Phil Edwards reprinted by permission from his blog, Workers’ Playtime where it was published as the second part of a series ‘Like a Lion’
The Jacobson/Schama/Sebag Montefiore letter [paywall] published in The Times on 6 November about anti-Zionism deserves a proper look. The first thing to say is that, while there is an argument there, there’s also an awful lot of confusion and rhetorical inflation. This may just be because Howard Jacobson – who seems to be the lead author – is a muddled thinker and a windy writer, but I think it also has something to do with the subject.

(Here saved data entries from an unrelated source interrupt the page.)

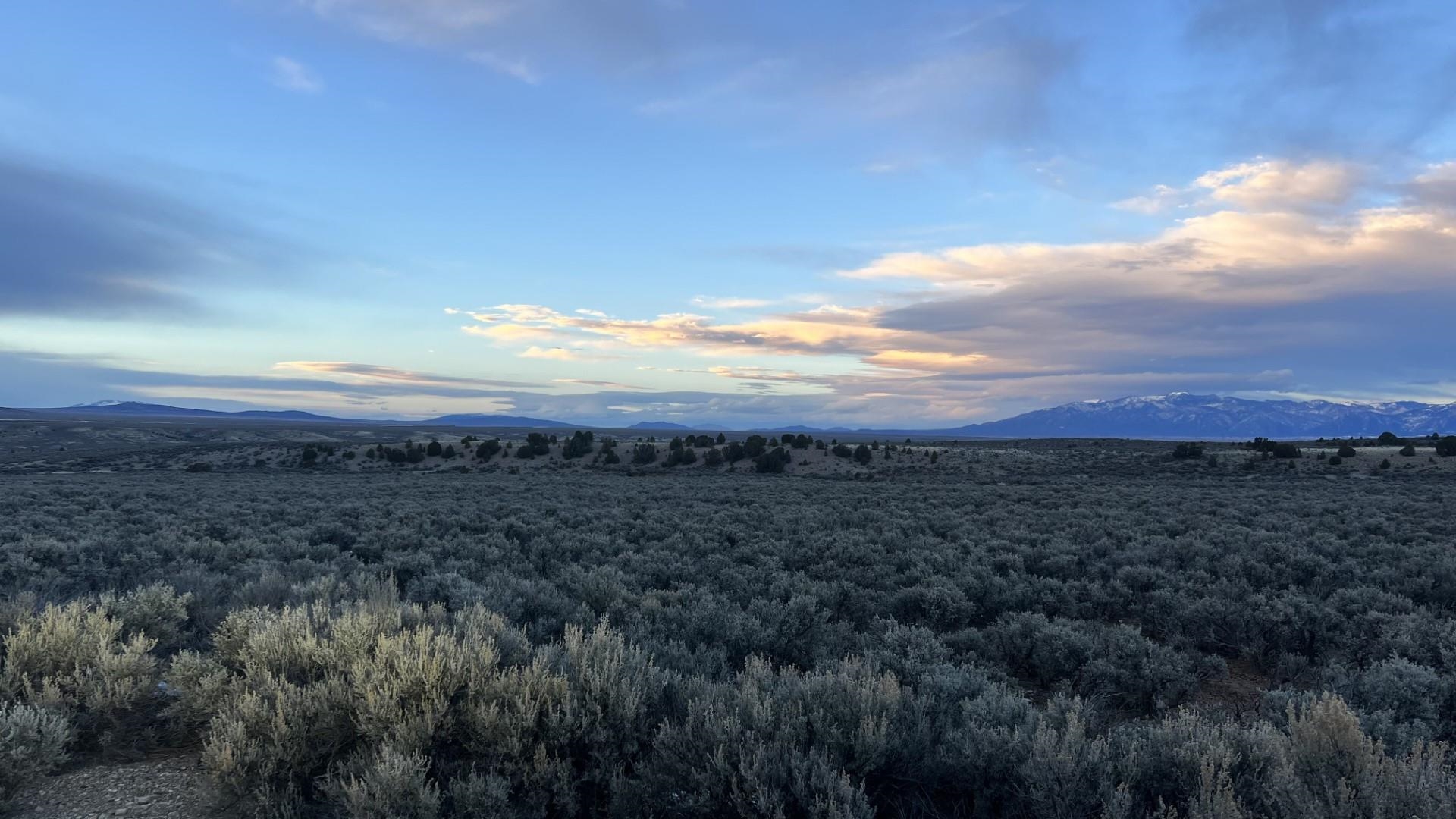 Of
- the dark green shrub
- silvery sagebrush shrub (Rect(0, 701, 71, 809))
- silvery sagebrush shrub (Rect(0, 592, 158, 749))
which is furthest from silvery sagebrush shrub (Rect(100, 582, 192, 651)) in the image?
the dark green shrub

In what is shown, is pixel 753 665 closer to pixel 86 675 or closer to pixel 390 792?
pixel 390 792

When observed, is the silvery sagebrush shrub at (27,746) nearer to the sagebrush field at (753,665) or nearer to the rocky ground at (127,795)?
the sagebrush field at (753,665)

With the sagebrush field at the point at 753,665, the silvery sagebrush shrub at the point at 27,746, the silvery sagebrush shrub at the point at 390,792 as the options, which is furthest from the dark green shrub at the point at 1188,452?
the silvery sagebrush shrub at the point at 27,746

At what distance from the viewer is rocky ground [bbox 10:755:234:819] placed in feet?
13.1

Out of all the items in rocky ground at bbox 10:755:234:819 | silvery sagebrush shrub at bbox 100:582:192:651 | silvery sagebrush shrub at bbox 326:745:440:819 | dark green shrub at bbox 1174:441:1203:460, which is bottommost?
rocky ground at bbox 10:755:234:819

The trouble starts with the first introduction of anti-Zionism:
constructive criticism of Israeli governments has morphed into something closer to antisemitism under the cloak of so-called anti-Zionism
Either anti-Zionism is a genuine position being used opportunistically as a façade – a ‘cloak’ – for antisemitism (cf the Doctors’ Plot), or the name ‘anti-Zionism’ is a polite label for antisemitism (“so-called anti-Zionism”). Can’t be both; you can’t ‘cloak’ antisemitism in antisemitism-with-another-name. What anti-Zionism is, in the authors’ eyes, remains unclear.
demonisation of Zionism itself – the right of the Jewish people to a homeland, and the very existence of a Jewish state
But ‘Zionism’ (itself) isn’t equivalent to what follows the hyphen. In fact they’re three distinct, if related, things – a political ideology (Zionism), that ideology’s core belief (a Jewish homeland) and its concrete institutional expression (the state of Israel). This matters, because it’s possible to hold that core belief while also believing that the existing state of Israel is a monstrosity, or even that the historical development of Zionism has gone badly astray. Not to mention the fact that it’s possible to challenge and oppose Zionism – even to deny that the Jewish people have the right to a homeland – without demonising Zionism.

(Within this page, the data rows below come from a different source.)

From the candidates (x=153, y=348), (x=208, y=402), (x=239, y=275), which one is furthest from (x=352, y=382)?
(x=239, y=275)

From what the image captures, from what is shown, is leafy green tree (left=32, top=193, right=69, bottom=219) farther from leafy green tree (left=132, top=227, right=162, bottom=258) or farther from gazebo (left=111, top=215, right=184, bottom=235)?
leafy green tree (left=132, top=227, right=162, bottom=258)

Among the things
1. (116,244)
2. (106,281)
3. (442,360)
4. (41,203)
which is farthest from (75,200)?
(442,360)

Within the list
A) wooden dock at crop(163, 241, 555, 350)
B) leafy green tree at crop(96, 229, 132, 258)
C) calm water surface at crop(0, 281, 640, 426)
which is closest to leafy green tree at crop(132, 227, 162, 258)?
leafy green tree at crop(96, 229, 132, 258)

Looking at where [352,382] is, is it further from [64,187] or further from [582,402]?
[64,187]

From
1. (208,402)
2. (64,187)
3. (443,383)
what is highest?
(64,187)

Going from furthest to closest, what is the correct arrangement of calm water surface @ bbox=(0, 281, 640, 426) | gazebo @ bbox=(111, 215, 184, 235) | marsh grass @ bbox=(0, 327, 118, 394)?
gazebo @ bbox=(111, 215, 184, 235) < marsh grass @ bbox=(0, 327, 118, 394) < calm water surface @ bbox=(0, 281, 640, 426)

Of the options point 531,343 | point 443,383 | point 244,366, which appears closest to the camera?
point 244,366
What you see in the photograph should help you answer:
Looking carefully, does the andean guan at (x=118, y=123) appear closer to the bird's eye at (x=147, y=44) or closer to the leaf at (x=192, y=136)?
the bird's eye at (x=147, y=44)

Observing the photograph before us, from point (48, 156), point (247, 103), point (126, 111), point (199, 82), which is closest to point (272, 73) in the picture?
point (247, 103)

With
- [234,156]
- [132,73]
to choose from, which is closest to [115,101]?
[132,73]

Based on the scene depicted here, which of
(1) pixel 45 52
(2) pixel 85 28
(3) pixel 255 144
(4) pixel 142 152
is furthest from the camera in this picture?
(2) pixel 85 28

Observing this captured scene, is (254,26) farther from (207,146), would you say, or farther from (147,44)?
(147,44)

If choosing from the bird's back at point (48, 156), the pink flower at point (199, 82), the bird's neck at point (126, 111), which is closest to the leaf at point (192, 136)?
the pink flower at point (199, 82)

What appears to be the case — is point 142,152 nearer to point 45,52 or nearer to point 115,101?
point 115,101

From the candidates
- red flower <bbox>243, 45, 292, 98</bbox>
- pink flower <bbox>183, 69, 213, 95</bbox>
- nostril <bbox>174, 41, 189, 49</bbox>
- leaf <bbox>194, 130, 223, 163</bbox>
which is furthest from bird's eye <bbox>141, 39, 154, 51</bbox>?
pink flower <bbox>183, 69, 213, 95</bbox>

Accusations of international Jewish conspiracy and control of the media … support false equations of Zionism with colonialism and imperialism, and the promotion of vicious, fictitious parallels with genocide and Nazism
Despite its phrasing, this is three separate charges, not one – and they’re not all equally strong. Yes, the racist myths of a ‘Jewish conspiracy’ live on – there are still people wibbling on about the Rothschilds and (God help us) the Protocols, some of whom believe themselves to be on the Left. Those myths, and those people, need to be challenged; this, though, doesn’t give a free pass to the actual lobbying efforts which are carried out by the Israeli state and its allies, some of which – like most lobbying – go under the radar. (Anyone still maintaining that all talk of a “Zionist lobby” is Protocols-level antisemitism will have to explain who the Conservative Friends of Israel are and what they hope to achieve.)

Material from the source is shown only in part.